# PROBLEM
Each line from the one containing "certain clinical trials" through the end of the entries below should be transcribed exactly, and no other line.

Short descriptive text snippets
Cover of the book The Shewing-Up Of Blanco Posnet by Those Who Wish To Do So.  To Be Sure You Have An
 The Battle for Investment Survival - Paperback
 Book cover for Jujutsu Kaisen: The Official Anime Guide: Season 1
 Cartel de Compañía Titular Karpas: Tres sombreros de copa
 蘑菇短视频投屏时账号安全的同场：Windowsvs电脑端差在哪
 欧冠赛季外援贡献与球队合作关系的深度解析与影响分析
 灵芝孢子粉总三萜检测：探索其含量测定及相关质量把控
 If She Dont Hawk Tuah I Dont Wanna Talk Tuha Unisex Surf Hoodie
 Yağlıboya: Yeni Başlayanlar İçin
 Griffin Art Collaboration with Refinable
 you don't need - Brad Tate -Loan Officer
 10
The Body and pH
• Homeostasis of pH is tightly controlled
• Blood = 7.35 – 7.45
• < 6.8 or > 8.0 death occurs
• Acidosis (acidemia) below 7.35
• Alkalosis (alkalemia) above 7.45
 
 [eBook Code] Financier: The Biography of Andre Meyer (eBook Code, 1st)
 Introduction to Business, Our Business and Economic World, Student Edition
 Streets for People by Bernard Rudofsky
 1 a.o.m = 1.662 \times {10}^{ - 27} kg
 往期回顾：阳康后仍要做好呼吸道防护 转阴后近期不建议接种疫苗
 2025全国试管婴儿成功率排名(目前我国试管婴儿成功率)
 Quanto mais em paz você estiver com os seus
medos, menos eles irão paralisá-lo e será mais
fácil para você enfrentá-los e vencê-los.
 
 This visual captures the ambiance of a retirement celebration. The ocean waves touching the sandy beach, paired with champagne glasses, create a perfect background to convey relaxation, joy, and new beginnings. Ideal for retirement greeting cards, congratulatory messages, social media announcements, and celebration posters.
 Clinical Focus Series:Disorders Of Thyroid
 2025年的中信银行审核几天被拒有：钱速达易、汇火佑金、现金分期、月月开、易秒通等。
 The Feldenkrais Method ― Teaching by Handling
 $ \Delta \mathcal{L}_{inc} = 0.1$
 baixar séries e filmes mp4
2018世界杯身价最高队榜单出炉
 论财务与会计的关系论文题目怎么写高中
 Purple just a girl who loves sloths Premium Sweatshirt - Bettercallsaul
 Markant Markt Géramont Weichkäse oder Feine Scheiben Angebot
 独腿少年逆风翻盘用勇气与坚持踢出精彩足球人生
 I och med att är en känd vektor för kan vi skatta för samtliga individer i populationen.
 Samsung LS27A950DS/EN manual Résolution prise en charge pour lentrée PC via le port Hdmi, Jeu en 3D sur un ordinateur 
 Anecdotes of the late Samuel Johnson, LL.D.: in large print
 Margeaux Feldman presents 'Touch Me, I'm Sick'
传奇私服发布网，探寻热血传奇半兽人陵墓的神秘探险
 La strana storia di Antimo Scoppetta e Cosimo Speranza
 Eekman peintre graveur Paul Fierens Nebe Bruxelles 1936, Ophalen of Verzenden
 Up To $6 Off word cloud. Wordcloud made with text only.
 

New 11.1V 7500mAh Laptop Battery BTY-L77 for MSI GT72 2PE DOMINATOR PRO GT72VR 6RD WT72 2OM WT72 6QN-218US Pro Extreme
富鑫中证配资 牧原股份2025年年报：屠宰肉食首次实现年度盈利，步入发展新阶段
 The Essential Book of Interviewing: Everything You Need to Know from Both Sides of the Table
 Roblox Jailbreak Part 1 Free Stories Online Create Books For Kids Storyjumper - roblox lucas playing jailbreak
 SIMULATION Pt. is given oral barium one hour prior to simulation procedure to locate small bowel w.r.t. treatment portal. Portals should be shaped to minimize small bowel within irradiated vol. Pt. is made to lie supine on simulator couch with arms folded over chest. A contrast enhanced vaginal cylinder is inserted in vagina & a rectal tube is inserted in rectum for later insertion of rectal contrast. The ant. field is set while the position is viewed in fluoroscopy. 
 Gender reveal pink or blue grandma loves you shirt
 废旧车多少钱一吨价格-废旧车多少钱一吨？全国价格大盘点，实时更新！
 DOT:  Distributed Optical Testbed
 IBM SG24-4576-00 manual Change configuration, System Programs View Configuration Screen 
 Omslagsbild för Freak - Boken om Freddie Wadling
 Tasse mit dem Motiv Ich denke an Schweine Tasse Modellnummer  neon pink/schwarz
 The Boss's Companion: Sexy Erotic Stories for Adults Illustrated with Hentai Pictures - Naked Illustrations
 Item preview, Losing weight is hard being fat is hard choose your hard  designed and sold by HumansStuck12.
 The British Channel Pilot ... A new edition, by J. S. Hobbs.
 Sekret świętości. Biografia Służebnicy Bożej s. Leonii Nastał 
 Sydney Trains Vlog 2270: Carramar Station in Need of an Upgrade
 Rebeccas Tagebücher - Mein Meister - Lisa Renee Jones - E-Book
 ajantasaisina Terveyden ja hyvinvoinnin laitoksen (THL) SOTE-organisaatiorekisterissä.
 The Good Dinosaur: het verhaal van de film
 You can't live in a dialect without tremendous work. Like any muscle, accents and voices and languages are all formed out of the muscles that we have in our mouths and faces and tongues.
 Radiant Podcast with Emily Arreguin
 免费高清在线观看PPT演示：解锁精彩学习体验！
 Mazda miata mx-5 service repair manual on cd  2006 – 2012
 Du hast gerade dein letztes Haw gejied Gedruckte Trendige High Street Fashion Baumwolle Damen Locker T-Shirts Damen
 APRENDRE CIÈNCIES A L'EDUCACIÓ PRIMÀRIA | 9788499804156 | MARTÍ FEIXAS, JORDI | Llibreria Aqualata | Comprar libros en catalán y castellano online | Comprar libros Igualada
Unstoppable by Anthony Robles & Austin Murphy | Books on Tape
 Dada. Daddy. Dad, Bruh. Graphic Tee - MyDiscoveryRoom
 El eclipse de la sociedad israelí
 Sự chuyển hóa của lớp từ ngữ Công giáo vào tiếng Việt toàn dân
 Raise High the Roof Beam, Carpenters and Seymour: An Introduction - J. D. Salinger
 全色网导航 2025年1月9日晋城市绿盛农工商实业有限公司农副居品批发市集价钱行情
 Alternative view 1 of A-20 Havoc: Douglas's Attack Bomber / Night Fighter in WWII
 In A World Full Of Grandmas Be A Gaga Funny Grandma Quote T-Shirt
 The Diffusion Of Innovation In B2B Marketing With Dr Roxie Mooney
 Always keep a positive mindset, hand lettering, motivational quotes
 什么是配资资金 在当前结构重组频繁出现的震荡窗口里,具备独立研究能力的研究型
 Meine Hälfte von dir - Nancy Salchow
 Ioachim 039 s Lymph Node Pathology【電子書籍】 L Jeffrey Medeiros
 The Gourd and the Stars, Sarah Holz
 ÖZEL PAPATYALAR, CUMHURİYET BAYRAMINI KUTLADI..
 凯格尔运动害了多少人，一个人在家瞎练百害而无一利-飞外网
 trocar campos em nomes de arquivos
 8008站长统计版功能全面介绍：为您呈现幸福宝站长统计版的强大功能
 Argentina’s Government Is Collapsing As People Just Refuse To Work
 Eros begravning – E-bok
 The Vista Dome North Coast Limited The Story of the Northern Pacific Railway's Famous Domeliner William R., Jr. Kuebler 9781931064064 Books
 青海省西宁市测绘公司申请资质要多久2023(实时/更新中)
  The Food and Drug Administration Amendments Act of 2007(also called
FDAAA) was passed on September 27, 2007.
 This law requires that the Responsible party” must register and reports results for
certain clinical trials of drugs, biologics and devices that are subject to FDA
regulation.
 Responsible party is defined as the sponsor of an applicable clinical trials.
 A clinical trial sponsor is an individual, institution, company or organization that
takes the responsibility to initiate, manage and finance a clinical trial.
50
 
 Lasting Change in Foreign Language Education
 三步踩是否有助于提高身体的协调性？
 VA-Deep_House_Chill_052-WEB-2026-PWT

# SOLUTION TO THIS EXERCISE
certain clinical trials of drugs, biologics and devices that are subject to FDA
regulation.
 Responsible party is defined as the sponsor of an applicable clinical trials.
 A clinical trial sponsor is an individual, institution, company or organization that
takes the responsibility to initiate, manage and finance a clinical trial.
50
 
 Lasting Change in Foreign Language Education
 三步踩是否有助于提高身体的协调性？
 VA-Deep_House_Chill_052-WEB-2026-PWT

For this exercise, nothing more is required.